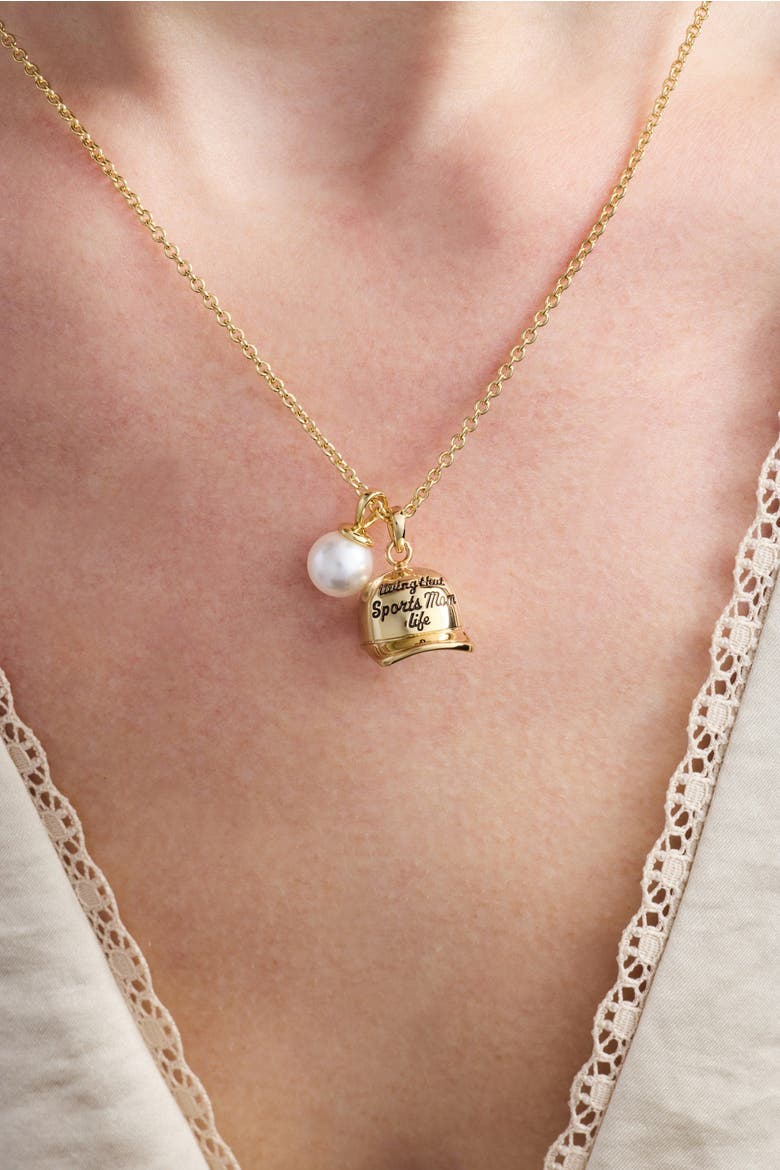 'Living That Sports Mom Life' Baseball Charm Necklace, Alternate, color, Gold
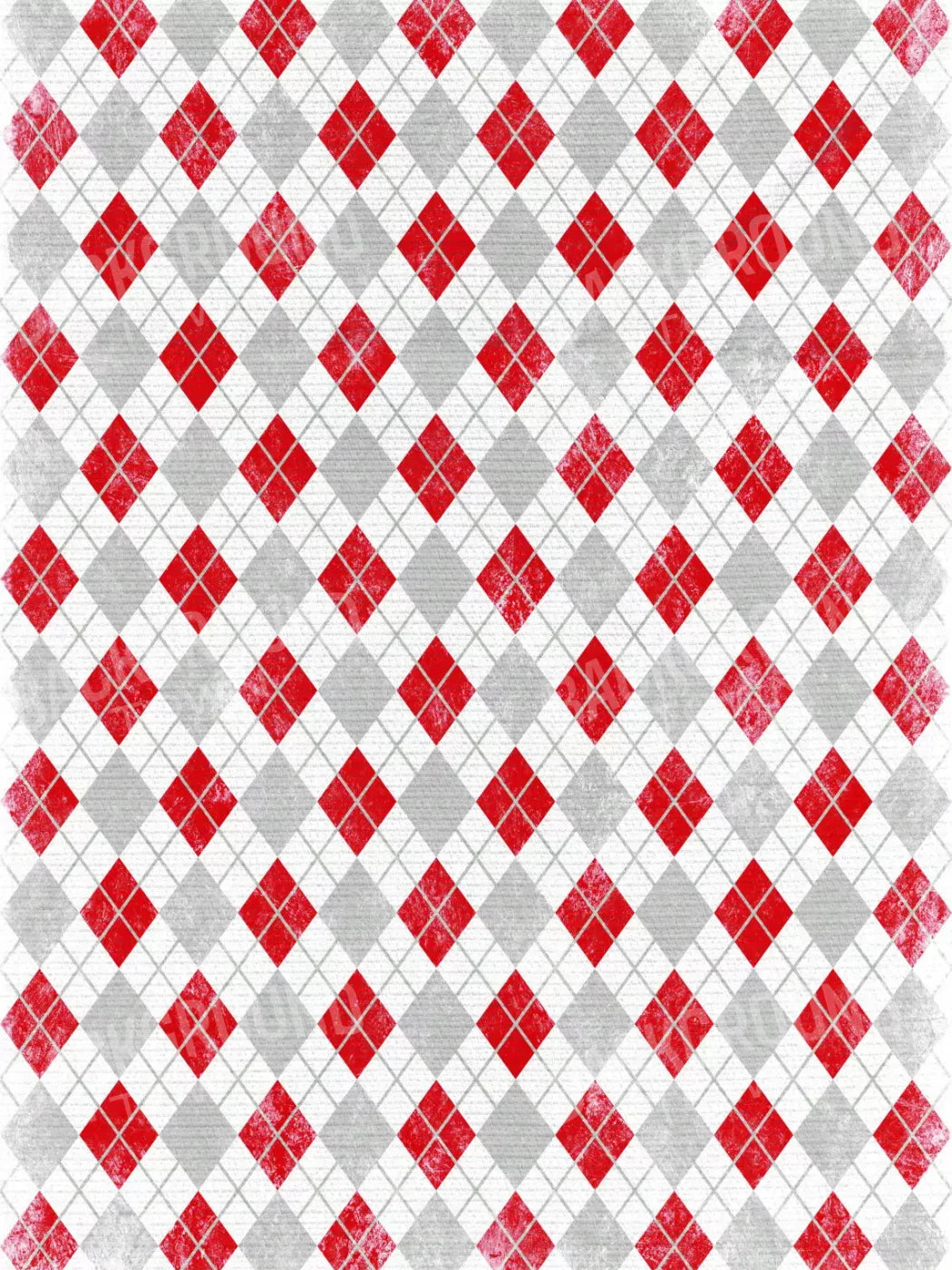 Argyle Red 5X68 Fleece ( 60 X 80 Inch ) Backdrop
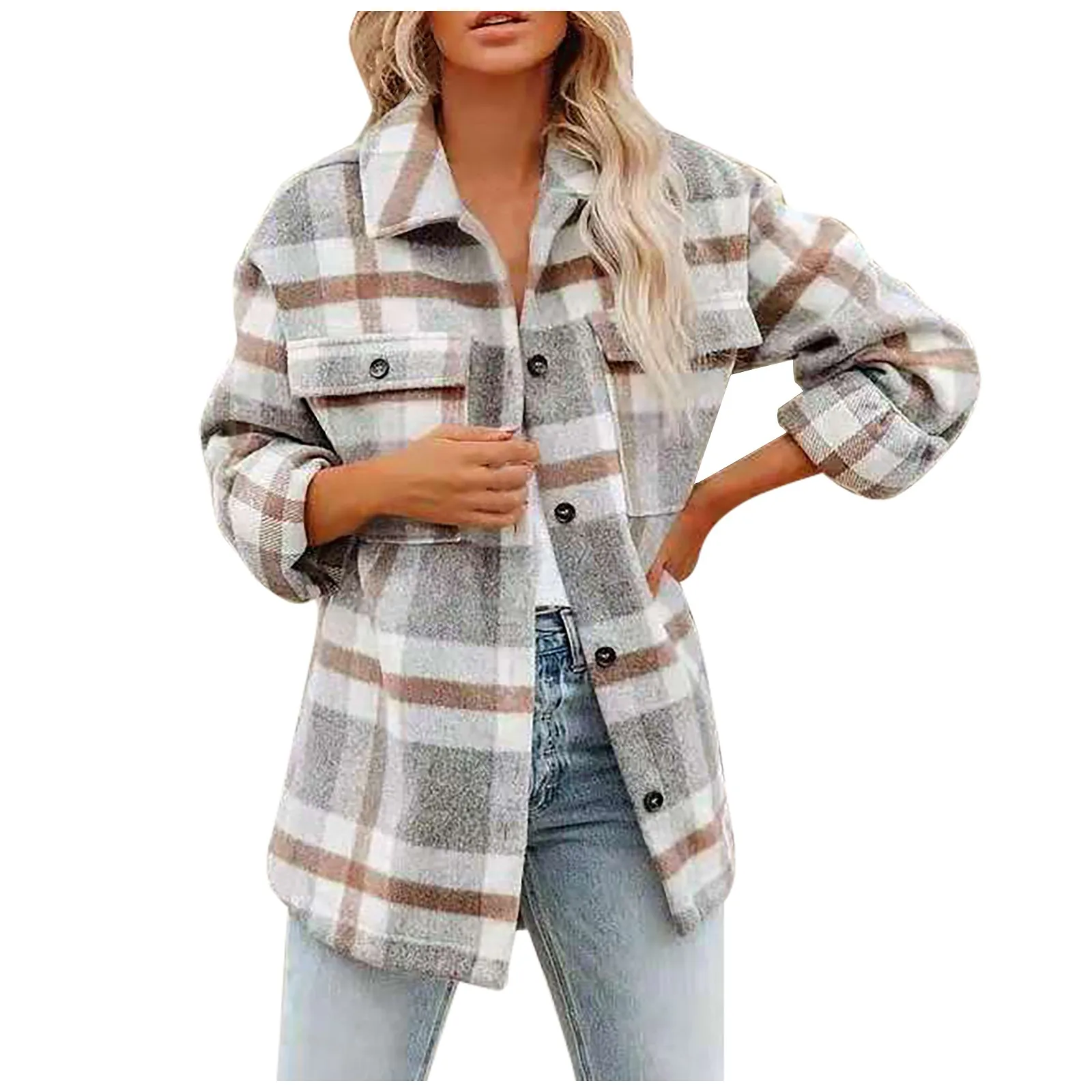 Women Plaid Shacket Jacket Lapel Long Sleeve Button Down Flannel Shirts Coat Double Pocket Design Loose Fall Clothes 2023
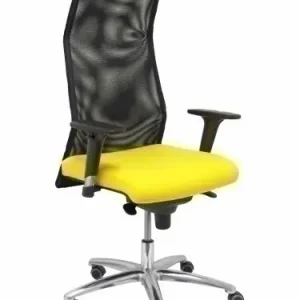 Sillon Piqueras y Crespo Sahuco Direccion Uso Intensivo (8H) Brazos Regulables Mecanismo Sincro Respaldo Malla Transpirable y Asiento Tapizado Bali Amarillo Profesional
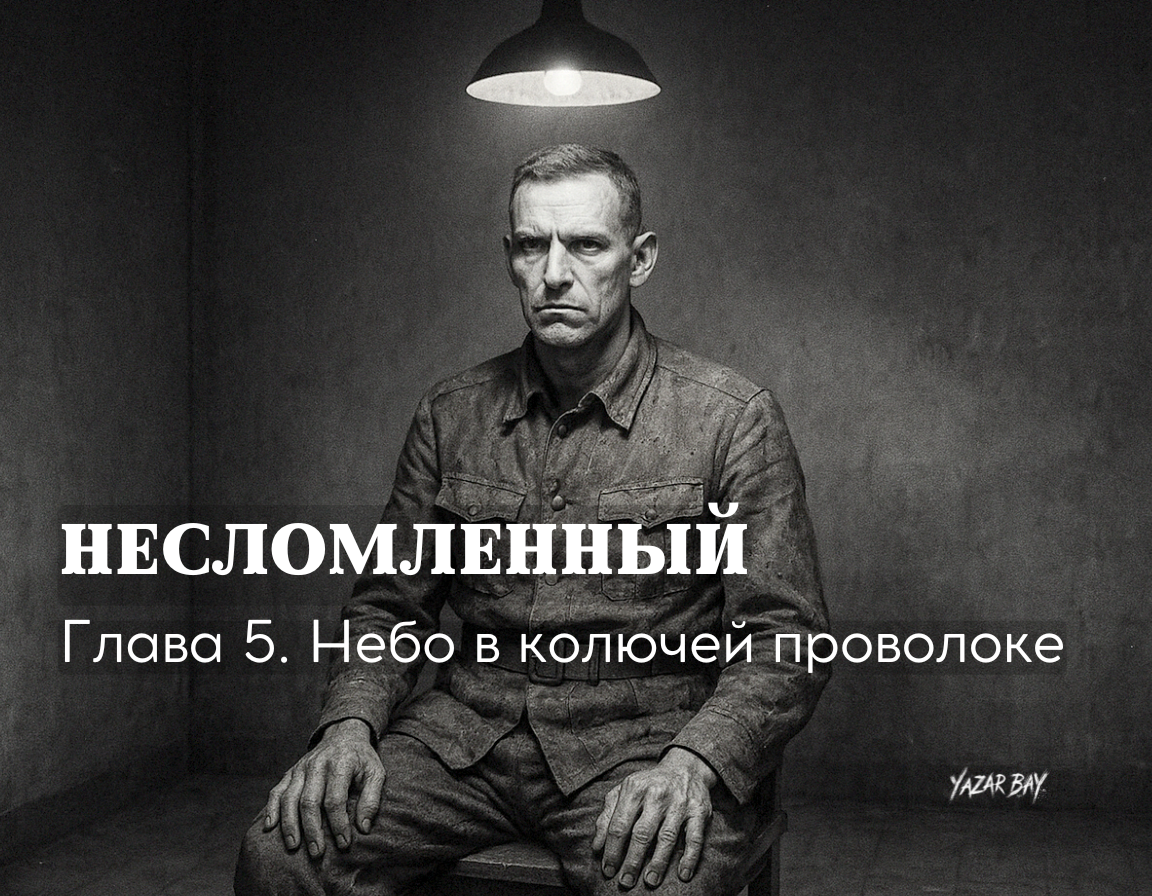 Допрос советского генерала Сергея Огурцова в немецком лагере для военнопленных, осень 1941 года ©Язар Бай.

__EXERCISE BRIEF__: I would like the data copied exactly as it stands, with no pictures included.

__REPLY TO THE TASK__:
 'Living That Sports Mom Life' Baseball Charm Necklace, Alternate, color, Gold
 Argyle Red 5X68 Fleece ( 60 X 80 Inch ) Backdrop
 Women Plaid Shacket Jacket Lapel Long Sleeve Button Down Flannel Shirts Coat Double Pocket Design Loose Fall Clothes 2023
 Sillon Piqueras y Crespo Sahuco Direccion Uso Intensivo (8H) Brazos Regulables Mecanismo Sincro Respaldo Malla Transpirable y Asiento Tapizado Bali Amarillo Profesional
 Допрос советского генерала Сергея Огурцова в немецком лагере для военнопленных, осень 1941 года ©Язар Бай.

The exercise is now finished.